→ **Task brief**: Scan the records for the string "Office"; copy each line where it occurs.

→ **Records for this task**:
++++++++++++++++++++

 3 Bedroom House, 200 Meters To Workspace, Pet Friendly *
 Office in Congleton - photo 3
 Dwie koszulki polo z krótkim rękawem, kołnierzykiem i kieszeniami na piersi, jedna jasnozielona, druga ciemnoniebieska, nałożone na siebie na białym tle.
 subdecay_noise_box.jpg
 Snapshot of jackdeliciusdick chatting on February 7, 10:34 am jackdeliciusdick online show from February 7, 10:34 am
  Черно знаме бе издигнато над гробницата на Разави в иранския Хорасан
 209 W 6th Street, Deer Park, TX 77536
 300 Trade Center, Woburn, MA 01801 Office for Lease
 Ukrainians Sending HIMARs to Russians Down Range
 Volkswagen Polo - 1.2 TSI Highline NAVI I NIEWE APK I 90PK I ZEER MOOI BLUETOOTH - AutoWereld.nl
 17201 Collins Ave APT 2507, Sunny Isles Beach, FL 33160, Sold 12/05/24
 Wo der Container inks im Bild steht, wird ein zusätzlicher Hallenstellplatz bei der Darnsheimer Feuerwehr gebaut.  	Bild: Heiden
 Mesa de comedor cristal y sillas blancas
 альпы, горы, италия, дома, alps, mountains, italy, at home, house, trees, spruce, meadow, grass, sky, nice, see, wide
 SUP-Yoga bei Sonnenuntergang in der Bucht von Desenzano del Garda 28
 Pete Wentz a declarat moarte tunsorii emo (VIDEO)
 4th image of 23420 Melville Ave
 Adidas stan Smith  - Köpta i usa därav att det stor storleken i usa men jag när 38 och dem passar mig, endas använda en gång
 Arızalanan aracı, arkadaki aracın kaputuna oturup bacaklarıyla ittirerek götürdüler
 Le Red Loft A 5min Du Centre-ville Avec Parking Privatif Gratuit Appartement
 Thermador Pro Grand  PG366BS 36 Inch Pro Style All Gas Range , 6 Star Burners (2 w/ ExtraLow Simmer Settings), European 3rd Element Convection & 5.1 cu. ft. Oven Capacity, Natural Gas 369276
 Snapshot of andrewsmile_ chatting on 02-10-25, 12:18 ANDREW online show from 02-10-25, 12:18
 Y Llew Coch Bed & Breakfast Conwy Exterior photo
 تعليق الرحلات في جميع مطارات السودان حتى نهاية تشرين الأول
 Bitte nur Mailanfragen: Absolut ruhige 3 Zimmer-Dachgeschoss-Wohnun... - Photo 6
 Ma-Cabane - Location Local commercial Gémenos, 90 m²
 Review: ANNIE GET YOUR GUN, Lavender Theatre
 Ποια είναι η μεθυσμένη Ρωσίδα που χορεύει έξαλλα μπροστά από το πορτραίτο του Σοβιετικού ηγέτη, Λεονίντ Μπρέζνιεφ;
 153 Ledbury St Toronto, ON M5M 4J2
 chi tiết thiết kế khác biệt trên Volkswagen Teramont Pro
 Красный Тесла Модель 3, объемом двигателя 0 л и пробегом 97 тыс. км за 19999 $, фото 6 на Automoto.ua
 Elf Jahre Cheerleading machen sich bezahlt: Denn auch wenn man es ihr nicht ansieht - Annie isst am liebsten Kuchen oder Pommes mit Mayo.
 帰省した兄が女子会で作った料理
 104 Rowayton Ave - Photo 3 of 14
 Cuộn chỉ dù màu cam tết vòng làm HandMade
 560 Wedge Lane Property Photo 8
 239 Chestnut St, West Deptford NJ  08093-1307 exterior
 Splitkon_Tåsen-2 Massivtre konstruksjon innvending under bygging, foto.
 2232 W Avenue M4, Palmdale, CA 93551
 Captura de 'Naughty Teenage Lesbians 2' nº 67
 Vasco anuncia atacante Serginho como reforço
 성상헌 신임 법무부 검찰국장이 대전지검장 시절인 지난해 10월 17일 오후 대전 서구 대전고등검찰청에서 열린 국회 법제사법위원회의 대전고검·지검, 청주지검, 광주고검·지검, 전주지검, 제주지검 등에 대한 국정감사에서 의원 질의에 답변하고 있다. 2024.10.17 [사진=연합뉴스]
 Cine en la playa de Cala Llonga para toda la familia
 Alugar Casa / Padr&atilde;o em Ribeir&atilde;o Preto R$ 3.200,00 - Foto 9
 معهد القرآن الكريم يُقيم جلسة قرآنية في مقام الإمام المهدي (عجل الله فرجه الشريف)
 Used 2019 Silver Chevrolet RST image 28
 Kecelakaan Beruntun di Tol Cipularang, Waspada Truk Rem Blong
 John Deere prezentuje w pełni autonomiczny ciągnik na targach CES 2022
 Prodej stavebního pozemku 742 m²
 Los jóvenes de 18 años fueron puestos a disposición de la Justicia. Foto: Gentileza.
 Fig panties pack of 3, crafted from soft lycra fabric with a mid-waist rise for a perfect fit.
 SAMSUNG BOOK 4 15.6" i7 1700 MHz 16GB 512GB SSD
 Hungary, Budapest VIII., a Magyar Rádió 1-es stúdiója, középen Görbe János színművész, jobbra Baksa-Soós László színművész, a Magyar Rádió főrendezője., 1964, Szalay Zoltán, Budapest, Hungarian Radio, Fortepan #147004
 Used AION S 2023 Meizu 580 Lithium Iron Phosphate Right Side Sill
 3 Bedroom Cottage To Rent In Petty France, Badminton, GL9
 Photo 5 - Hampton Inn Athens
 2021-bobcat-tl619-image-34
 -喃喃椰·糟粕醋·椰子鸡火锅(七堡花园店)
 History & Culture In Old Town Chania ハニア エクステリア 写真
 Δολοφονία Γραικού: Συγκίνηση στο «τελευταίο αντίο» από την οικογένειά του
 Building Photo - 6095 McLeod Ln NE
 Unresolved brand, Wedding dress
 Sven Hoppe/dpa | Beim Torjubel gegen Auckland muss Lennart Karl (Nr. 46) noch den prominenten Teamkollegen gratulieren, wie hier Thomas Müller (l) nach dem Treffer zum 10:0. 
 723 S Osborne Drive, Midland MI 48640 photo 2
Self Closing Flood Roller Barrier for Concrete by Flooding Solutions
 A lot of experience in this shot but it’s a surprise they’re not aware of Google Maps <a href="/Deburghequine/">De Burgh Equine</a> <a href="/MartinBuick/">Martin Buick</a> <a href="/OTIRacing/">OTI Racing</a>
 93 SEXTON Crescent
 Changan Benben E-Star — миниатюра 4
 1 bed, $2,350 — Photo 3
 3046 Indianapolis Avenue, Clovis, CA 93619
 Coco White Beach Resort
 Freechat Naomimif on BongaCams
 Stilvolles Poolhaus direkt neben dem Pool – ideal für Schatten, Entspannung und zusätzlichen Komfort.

++++++++++++++++++++

→ **Output**:
 Office in Congleton - photo 3
 300 Trade Center, Woburn, MA 01801 Office for Lease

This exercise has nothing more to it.